Data extract
────────────────────

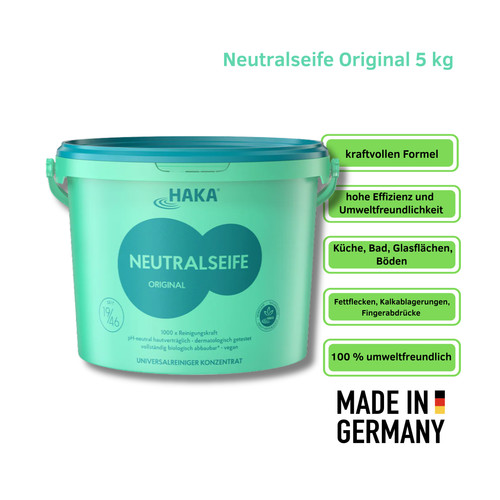 Neutralseife sanfter - neutralseife, –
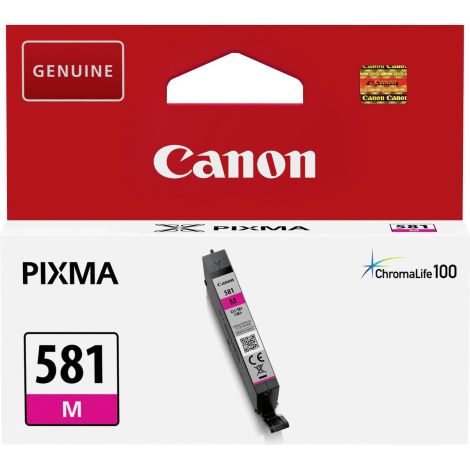 Canon CLI-581M, 2104C001 tintapatron, bíborvörös (magenta), eredeti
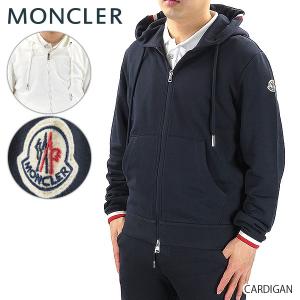 MONCLER モンクレール パーカー トリコロール 長袖 メンズ 8G742 00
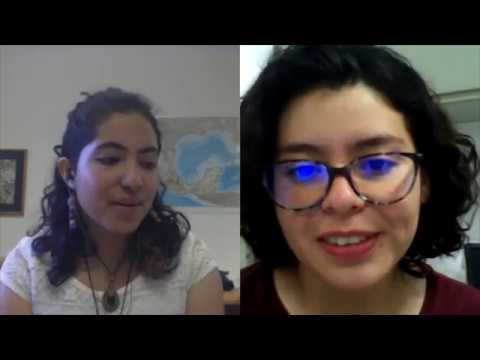 Mary Luz Vanegas-León on Neotropical ectomycorrhizae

────────────────────

Task details
Take the listing above and print it exactly, apart from the pictures.

Answer box
 Neutralseife sanfter - neutralseife, –
 Canon CLI-581M, 2104C001 tintapatron, bíborvörös (magenta), eredeti
 MONCLER モンクレール パーカー トリコロール 長袖 メンズ 8G742 00
 Mary Luz Vanegas-León on Neotropical ectomycorrhizae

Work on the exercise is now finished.